- What the exercise asks
Your answer should repeat exactly the lines from the one holding "2014 Jeep Wrangler" through the end of the data, and it should contain no pictures.

- The data
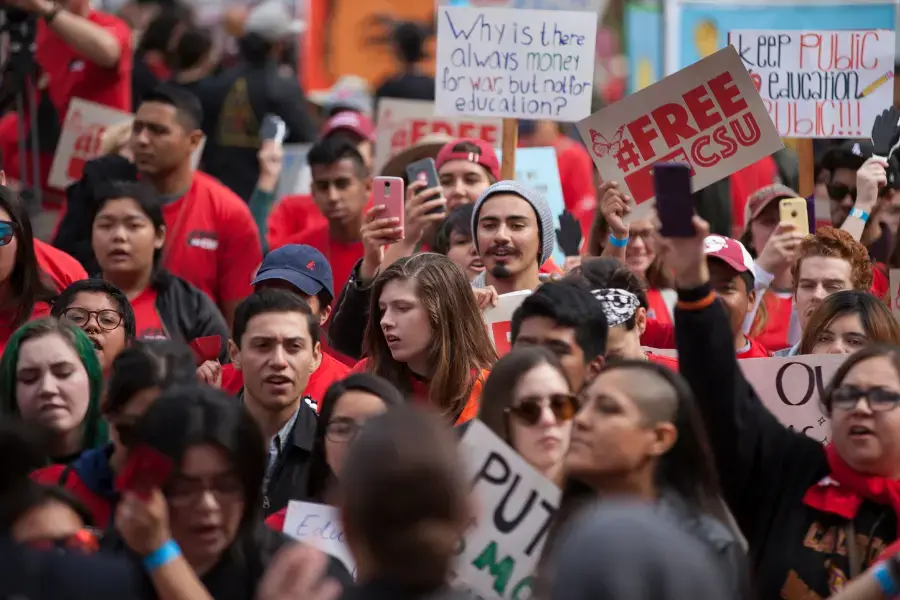 CFA members and CSU students carry signs advocating for funding for higher education.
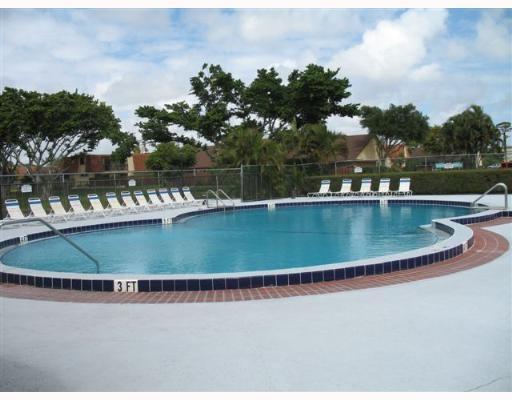 601 Springdale Circle Palm Springs, FL 33461 - Photo 13 of 14 a view of a swimming pool with outdoor seating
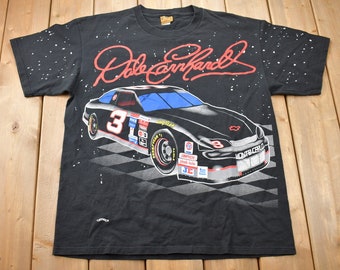 May include: Black t-shirt with a white and black checkered pattern, a black race car with the number 3 on the side, and the signature "Dale Earnhardt" in red.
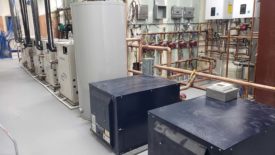 Hybrid water-to-water and water-to-air geothermal system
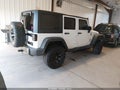 2014 Jeep Wrangler Unlimited — photo 4 of 18 | VIN 1C4BJWDG0EL225850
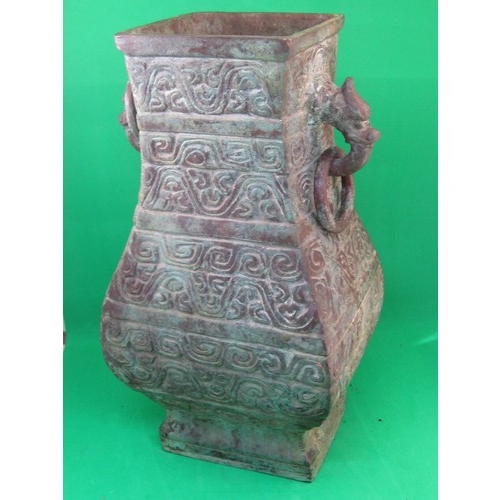 115 - A heavy bronze Chinese archaic style pear-shaped vase, the sides cast with scrolls and the upper fla... 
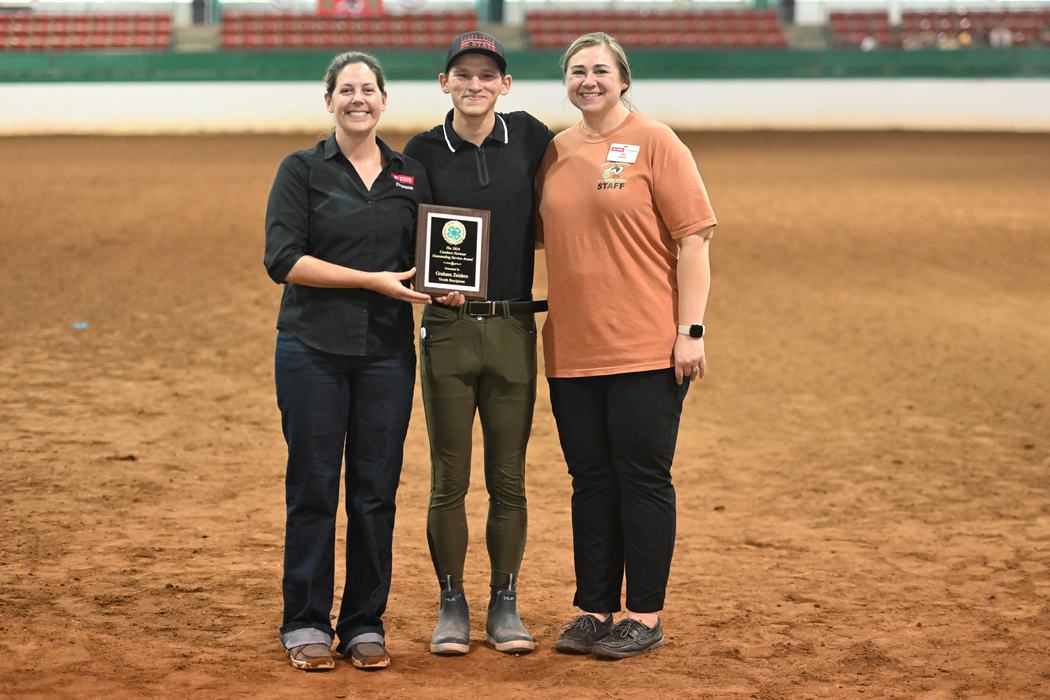 Three people standing in an arena holding a plaque with a 4‑H emblem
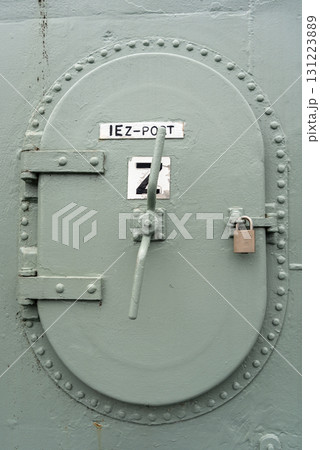 Heavy-duty metal hatch on a military vessel with secure locking system 131223889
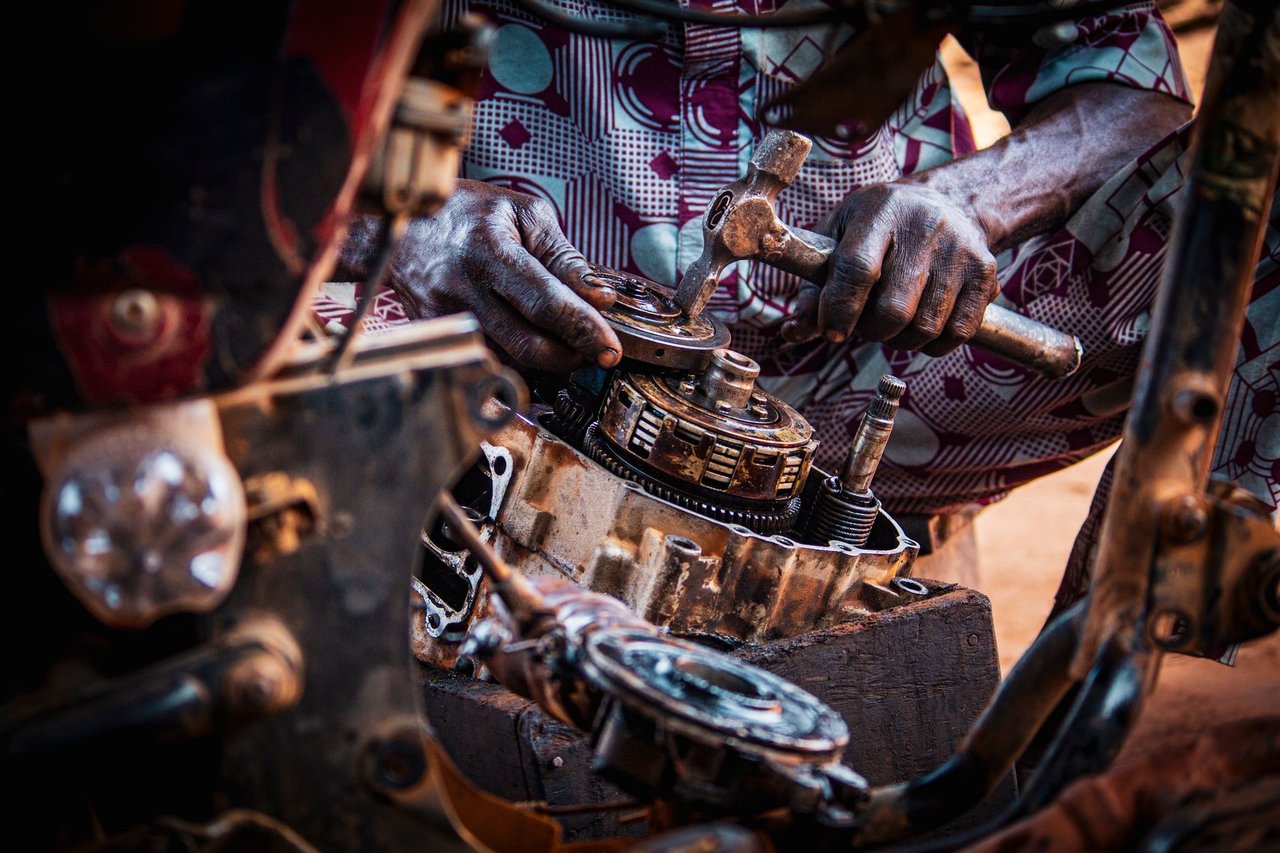 Profissional monta peças de um motor de motocicleta em uma oficina.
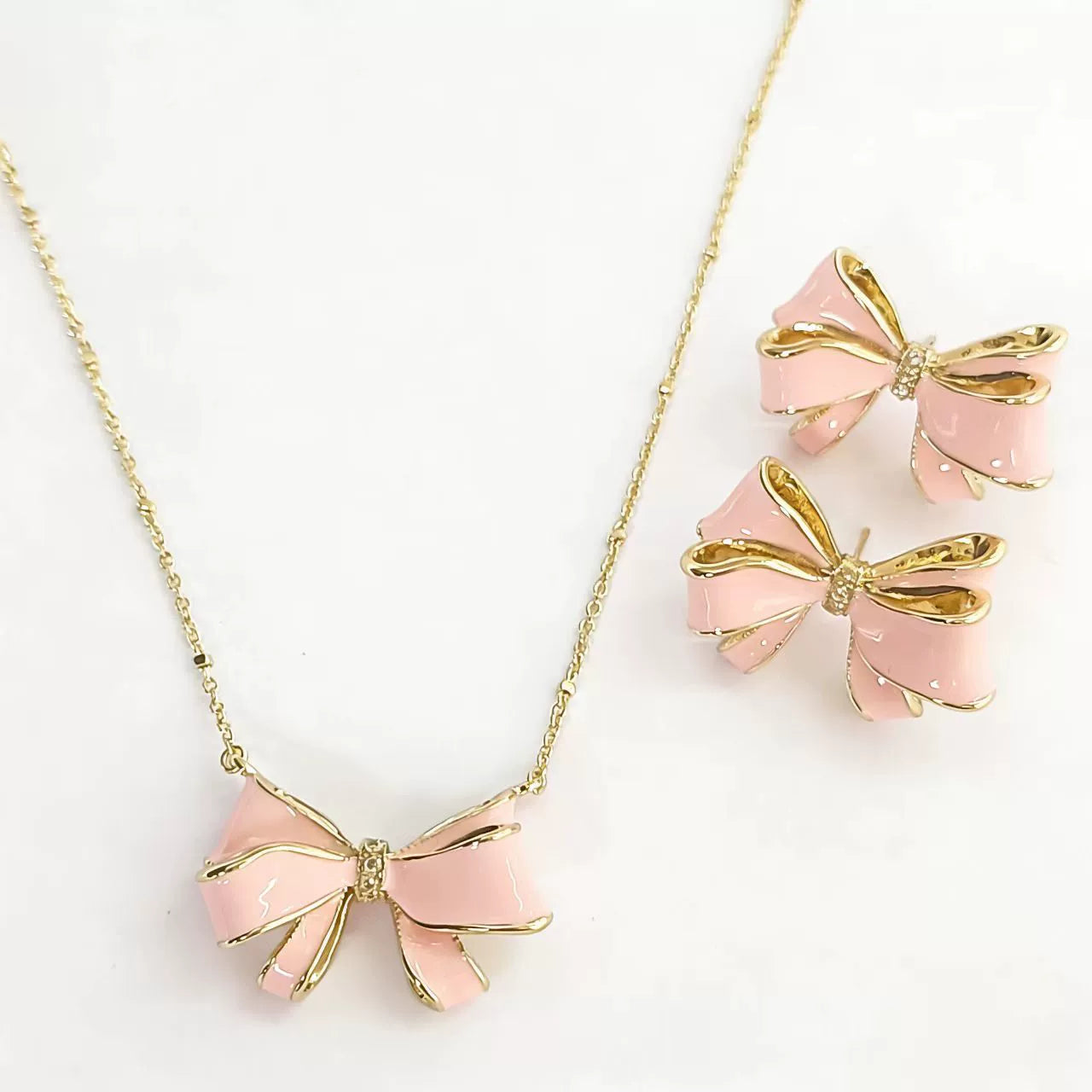 Bow pendant necklace with pink enamel and white pearl drop, with stud earrings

- Response to this exercise
 2014 Jeep Wrangler Unlimited — photo 4 of 18 | VIN 1C4BJWDG0EL225850
 115 - A heavy bronze Chinese archaic style pear-shaped vase, the sides cast with scrolls and the upper fla... 
 Three people standing in an arena holding a plaque with a 4‑H emblem
 Heavy-duty metal hatch on a military vessel with secure locking system 131223889
 Profissional monta peças de um motor de motocicleta em uma oficina.
 Bow pendant necklace with pink enamel and white pearl drop, with stud earrings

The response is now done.